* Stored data
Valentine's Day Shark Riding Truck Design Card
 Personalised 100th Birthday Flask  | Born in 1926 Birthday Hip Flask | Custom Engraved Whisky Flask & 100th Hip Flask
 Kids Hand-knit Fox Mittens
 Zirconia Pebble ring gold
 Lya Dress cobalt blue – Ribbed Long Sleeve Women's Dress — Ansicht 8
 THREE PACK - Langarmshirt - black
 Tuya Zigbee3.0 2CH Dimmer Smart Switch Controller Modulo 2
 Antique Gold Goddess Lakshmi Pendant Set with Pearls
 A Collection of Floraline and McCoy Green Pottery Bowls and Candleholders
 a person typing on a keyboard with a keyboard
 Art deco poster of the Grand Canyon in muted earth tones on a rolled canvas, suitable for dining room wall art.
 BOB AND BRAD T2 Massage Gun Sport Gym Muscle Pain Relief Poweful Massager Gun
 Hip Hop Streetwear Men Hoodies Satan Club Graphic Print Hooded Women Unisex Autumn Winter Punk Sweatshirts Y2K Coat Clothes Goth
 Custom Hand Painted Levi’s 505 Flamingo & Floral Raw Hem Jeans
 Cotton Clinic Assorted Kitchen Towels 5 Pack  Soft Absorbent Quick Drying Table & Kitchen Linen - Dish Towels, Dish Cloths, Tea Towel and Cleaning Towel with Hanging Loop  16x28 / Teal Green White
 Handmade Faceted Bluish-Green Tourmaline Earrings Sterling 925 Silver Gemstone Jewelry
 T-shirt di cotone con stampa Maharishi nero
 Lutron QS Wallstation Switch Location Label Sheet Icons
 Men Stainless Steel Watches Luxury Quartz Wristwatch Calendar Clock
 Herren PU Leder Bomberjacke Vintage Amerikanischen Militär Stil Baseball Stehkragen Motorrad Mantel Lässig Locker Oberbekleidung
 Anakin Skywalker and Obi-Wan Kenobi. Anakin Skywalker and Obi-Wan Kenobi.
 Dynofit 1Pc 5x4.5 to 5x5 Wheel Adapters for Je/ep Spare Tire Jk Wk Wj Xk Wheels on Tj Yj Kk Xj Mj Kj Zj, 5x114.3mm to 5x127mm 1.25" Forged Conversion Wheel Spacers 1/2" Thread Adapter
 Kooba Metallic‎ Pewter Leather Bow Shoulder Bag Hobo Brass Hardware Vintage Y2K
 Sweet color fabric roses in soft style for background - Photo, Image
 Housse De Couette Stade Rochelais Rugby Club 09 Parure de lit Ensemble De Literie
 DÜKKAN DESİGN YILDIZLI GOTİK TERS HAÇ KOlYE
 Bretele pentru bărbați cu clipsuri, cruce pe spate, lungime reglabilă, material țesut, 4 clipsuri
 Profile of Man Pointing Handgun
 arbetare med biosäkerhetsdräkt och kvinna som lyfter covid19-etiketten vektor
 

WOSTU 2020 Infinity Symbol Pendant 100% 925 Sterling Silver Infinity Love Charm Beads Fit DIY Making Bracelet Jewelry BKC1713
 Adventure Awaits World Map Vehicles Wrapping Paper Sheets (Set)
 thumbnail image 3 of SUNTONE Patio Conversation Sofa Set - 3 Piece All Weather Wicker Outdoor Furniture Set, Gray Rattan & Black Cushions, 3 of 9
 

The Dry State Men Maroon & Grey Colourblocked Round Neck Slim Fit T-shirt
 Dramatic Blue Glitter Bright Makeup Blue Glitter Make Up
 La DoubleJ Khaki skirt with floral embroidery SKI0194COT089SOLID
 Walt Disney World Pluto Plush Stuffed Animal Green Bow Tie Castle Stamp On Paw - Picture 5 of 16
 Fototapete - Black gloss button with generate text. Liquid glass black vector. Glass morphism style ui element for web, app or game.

* Directions
Every line above should be written out again, unchanged.

* Reply
Valentine's Day Shark Riding Truck Design Card
 Personalised 100th Birthday Flask  | Born in 1926 Birthday Hip Flask | Custom Engraved Whisky Flask & 100th Hip Flask
 Kids Hand-knit Fox Mittens
 Zirconia Pebble ring gold
 Lya Dress cobalt blue – Ribbed Long Sleeve Women's Dress — Ansicht 8
 THREE PACK - Langarmshirt - black
 Tuya Zigbee3.0 2CH Dimmer Smart Switch Controller Modulo 2
 Antique Gold Goddess Lakshmi Pendant Set with Pearls
 A Collection of Floraline and McCoy Green Pottery Bowls and Candleholders
 a person typing on a keyboard with a keyboard
 Art deco poster of the Grand Canyon in muted earth tones on a rolled canvas, suitable for dining room wall art.
 BOB AND BRAD T2 Massage Gun Sport Gym Muscle Pain Relief Poweful Massager Gun
 Hip Hop Streetwear Men Hoodies Satan Club Graphic Print Hooded Women Unisex Autumn Winter Punk Sweatshirts Y2K Coat Clothes Goth
 Custom Hand Painted Levi’s 505 Flamingo & Floral Raw Hem Jeans
 Cotton Clinic Assorted Kitchen Towels 5 Pack  Soft Absorbent Quick Drying Table & Kitchen Linen - Dish Towels, Dish Cloths, Tea Towel and Cleaning Towel with Hanging Loop  16x28 / Teal Green White
 Handmade Faceted Bluish-Green Tourmaline Earrings Sterling 925 Silver Gemstone Jewelry
 T-shirt di cotone con stampa Maharishi nero
 Lutron QS Wallstation Switch Location Label Sheet Icons
 Men Stainless Steel Watches Luxury Quartz Wristwatch Calendar Clock
 Herren PU Leder Bomberjacke Vintage Amerikanischen Militär Stil Baseball Stehkragen Motorrad Mantel Lässig Locker Oberbekleidung
 Anakin Skywalker and Obi-Wan Kenobi. Anakin Skywalker and Obi-Wan Kenobi.
 Dynofit 1Pc 5x4.5 to 5x5 Wheel Adapters for Je/ep Spare Tire Jk Wk Wj Xk Wheels on Tj Yj Kk Xj Mj Kj Zj, 5x114.3mm to 5x127mm 1.25" Forged Conversion Wheel Spacers 1/2" Thread Adapter
 Kooba Metallic‎ Pewter Leather Bow Shoulder Bag Hobo Brass Hardware Vintage Y2K
 Sweet color fabric roses in soft style for background - Photo, Image
 Housse De Couette Stade Rochelais Rugby Club 09 Parure de lit Ensemble De Literie
 DÜKKAN DESİGN YILDIZLI GOTİK TERS HAÇ KOlYE
 Bretele pentru bărbați cu clipsuri, cruce pe spate, lungime reglabilă, material țesut, 4 clipsuri
 Profile of Man Pointing Handgun
 arbetare med biosäkerhetsdräkt och kvinna som lyfter covid19-etiketten vektor
 

WOSTU 2020 Infinity Symbol Pendant 100% 925 Sterling Silver Infinity Love Charm Beads Fit DIY Making Bracelet Jewelry BKC1713
 Adventure Awaits World Map Vehicles Wrapping Paper Sheets (Set)
 thumbnail image 3 of SUNTONE Patio Conversation Sofa Set - 3 Piece All Weather Wicker Outdoor Furniture Set, Gray Rattan & Black Cushions, 3 of 9
 

The Dry State Men Maroon & Grey Colourblocked Round Neck Slim Fit T-shirt
 Dramatic Blue Glitter Bright Makeup Blue Glitter Make Up
 La DoubleJ Khaki skirt with floral embroidery SKI0194COT089SOLID
 Walt Disney World Pluto Plush Stuffed Animal Green Bow Tie Castle Stamp On Paw - Picture 5 of 16
 Fototapete - Black gloss button with generate text. Liquid glass black vector. Glass morphism style ui element for web, app or game.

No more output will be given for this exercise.